Arturo dejó escapar un gemido y luego trató de asimilar lo que había pasado. Se sintió observado por Aronit, que parecía muy atento a su reacción y eso fue lo que impidió que se abalanzara sobre el niño. Mordred también se quedó quieto, como pensando en lo que había pasado, y al final volvió a acercarse a Arturo, rabioso, golpeándole en las piernas con sus pequeños puñitos inofensivos. Aronit murmuró unas palabras en voz baja, y Mordred se quedó quieto de pronto.

-         ¿Qué…qué has hecho? – preguntó Arturo.

-         ¡No puedo ver! – gimoteó Mordred - ¡No veo!

Arturo se horrorizó. ¿De verdad el druida había sido capaz de dejarle ciego? Aronit había salvado su castillo, y se había ganado su confianza. Arturo siempre se sentiría receloso en compañía de un mago, pero había creído que no tenía nada que temer de aquél hombre.

Su mano se movió instintivamente hacia su espada, con el claro impulso de proteger a su hijo. Se dio cuenta, sin embargo, de que no había nada de qué protegerle. Aronit le devolvió la vista al niño con un gesto de su mano.

-         ¿Estás más calmado? – le preguntó. Mordred asintió, con sus ojos azules muy abiertos y algo asustados. – Bien. Ahora obedece a tu padre, y retírate.

Se podría decir que el niño salió volando, seguido muy de cerca por su hermano.
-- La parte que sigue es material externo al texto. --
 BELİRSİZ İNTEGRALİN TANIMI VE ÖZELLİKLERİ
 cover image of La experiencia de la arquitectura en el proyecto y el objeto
Arturo se quedó clavado, con la mano aún en la empuñadura de su espada, parpadeando con confusión.

-         Un simple hechizo de ilusionismo – explicó el druida. – Lo he utilizado muchas veces.

-         ¡Casi se muere de miedo! – increpó Arturo – No son métodos para un niño tan pequeño.

-         Sirvió para que dejara de golpearos.

-         Tal vez… pero no quiero que uséis la magia para reprenderlos.

-         Si yo hubiera pisado a mi padre, hubiera recibido algo mucho peor que eso. – le aseguró el druida. Arturo no quiso pensar en lo que le habrían hecho a él, pero de hecho ya lo sabía. Habría pasado una o dos noches en las mazmorras. – Si además de mi padre hubiera sido el rey, tal vez mi cabeza estaría colgada en algún lugar…

-         No colgamos las cabezas – replicó Arturo – Aunque sí te habrían decapitado. Yo también lo haré si haces algo como eso de nuevo. – amenazó, pero no iba en serio. Lo dijo en el mismo tono en el que le decía a Merlín, cuando era su sirviente, que le pondría en el cepo si ensuciaba sus botas. Era su forma peculiar de manifestar afecto hacia su amigo. Él mismo se extrañó de haber hecho lo mismo con aquél druida.

-         Teníais aspecto de estar a punto de matarle, y quise evitar una tragedia mayor – respondió Aronit, encogiéndose de hombros.